# Transferring money to India



## anandsdk

which is the most cost effective method to send money to india? Banks or Western union?


----------



## MaidenScotland

Western Union is much more expensive than in Saudi, not sure of the charges just know it is expensive


----------



## hurghadapat

MaidenScotland said:


> Western Union is much more expensive than in Saudi, not sure of the charges just know it is expensive


Have you had a look at Moneygram.....look on the internet and tells you where you send from in Egypt and has a facility for finding out how much it will cost....a safe and secure way i have used it many times.


----------



## Horus

HEY let me know about Moneygram I can't see a local agent in Sharm

Currently I use WU in Naama Bay (Rosetta Hotel) opening hours different than the western union website Money Transfer | Western Union

They are normally open 9 - 5 closed Friday and Saturday, take your ID with you, they throw a wobbly for transactions over $5,000 USD (money can only be taken and sent in USD)
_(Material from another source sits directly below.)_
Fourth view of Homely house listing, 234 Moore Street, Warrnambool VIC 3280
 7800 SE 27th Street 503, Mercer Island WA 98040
Don't use Alert Pay they hold funds for 2 weeks - or EVEN longer unless they can verify you and even keep the money..be warned..

DO NOT use paypal either with an Egypt IP address for non-regular payments that do not follow a certain pattern - again they will limit your account and in any case charge you 4.9%, moneybookers is also a no -go

HSBC will transfer money, get the IBAN number to avoid rejected BACS payments you can also choose if you pay the fee or the receiver does, no hassle floor limit is about £4,950 GBP, I send to China on a regular basis in USD and also receive EU and USA payments within 4 days..


----------



## hurghadapat

Horus said:


> HEY let me know about Moneygram I can't see a local agent in Sharm
> 
> Currently I use WU in Naama Bay (Rosetta Hotel) opening hours different than the western union website Money Transfer | Western Union
> 
> They are normally open 9 - 5 closed Friday and Saturday, take your ID with you, they throw a wobbly for transactions over $5,000 USD (money can only be taken and sent in USD)
> 
> Don't use Alert Pay they hold funds for 2 weeks - or EVEN longer unless they can verify you and even keep the money..be warned..
> 
> DO NOT use paypal either with an Egypt IP address for non-regular payments that do not follow a certain pattern - again they will limit your account and in any case charge you 4.9%, moneybookers is also a no -go
> 
> HSBC will transfer money, get the IBAN number to avoid rejected BACS payments you can also choose if you pay the fee or the receiver does, no hassle floor limit is about £4,950 GBP, I send to China on a regular basis in USD and also receive EU and USA payments within 4 days..


Piraeus Bank,South Nab'a,Aqaba Bay. 20699205470
Sun-Thurs 8-18.00
Think you can only receive money at this bank...you would need to check with them about sending.


----------